• R.D. Lieberman,Consultant

Supreme Court Eases the Definition of Confidential Commercial Information Exempt from FOIA

The Freedom of Information Act (5 USC 552, or “FOIA”) requires that upon request, an agency shall “shall make [] records promptly available to any person.” However, there are nine exemptions under which an agency may deny the requested records, as follows: (All are in section (b) of the FOIA).


· (1)[] specifically authorized under criteria established by an Executive order to be kept secret in the interest of national defense or foreign policy [];

· (2) related solely to the internal personnel rules and practices of an agency;

· (3) specifically exempted from disclosure by statute (other than section 552b of this title), if that statute [];

· (4) trade secrets and commercial or financial information obtained from a person and privileged or confidential;

· (5) inter-agency or intra-agency memorandums or letters that would not be available by law to a party other than an agency in litigation with the agency[];

· (6) personnel and medical files and similar files the disclosure of which would constitute a clearly unwarranted invasion of personal privacy;

· (7) records or information compiled for law enforcement purposes [with further explanation];

· (8) contained in or related to examination, operating, or condition reports prepared by, on behalf of, or for the use of an agency responsible for the regulation or supervision of financial institutions; or

· (9) geological and geophysical information and data, including maps, concerning wells.


The Supreme Court recently considered exemption at 5 USC 552 (b)(4), Confidential commercial information, and narrowed the basis on which an agency may withhold information. Food Marketing Institute v. Argus Leader Media, No 18-481, (U.S. Sup. Ct. June 24, 2019).

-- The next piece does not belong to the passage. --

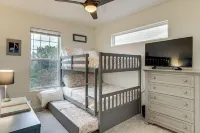 1 Mi to Dtwn Cincinnati: Spacious Townhome w/ Deck - Condos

Previously, most courts had held that contractors must show that the disclosure of the information would cause “substantial competitive harm.” See Nat’l Parks & Cons. Assn. v. Morton, 498 F. 2d 765, 770 (DC Cir. 1974). Food Marketing rejected this test, indicating that the statutory language could not support the requirement for a competitive harm determination.


The Court reviewed the plain meaning of the term “confidential” and found two potential conditions:

(1) information customarily kept private or at least closely held; and (2) information disclosed when the receiving party provides some assurance that it will remain secret. The Court concluded that Exemption 4 imposed no showing of “harm” whatsoever.


The definition that the Supreme Court endorsed is substantially broader, and much easier for a government contractor to meet than the “substantial competitive harm” test previously used in Nat’l Parks.


The Takeaway. If a government contractor can establish that the information it provides to the government is customarily kept private or at least closely held, and there is some assurance that the government will keep that information secret, then the contractor (and the agency) will be able to withhold that information in response to a FOIA request for it.


For other helpful suggestions on government contracting, visit:

Richard D. Lieberman’s FAR Consulting & Training at https://www.richarddlieberman.com/, and Mistakes in Government Contracting at https://richarddlieberman.wixsite.com/mistakes.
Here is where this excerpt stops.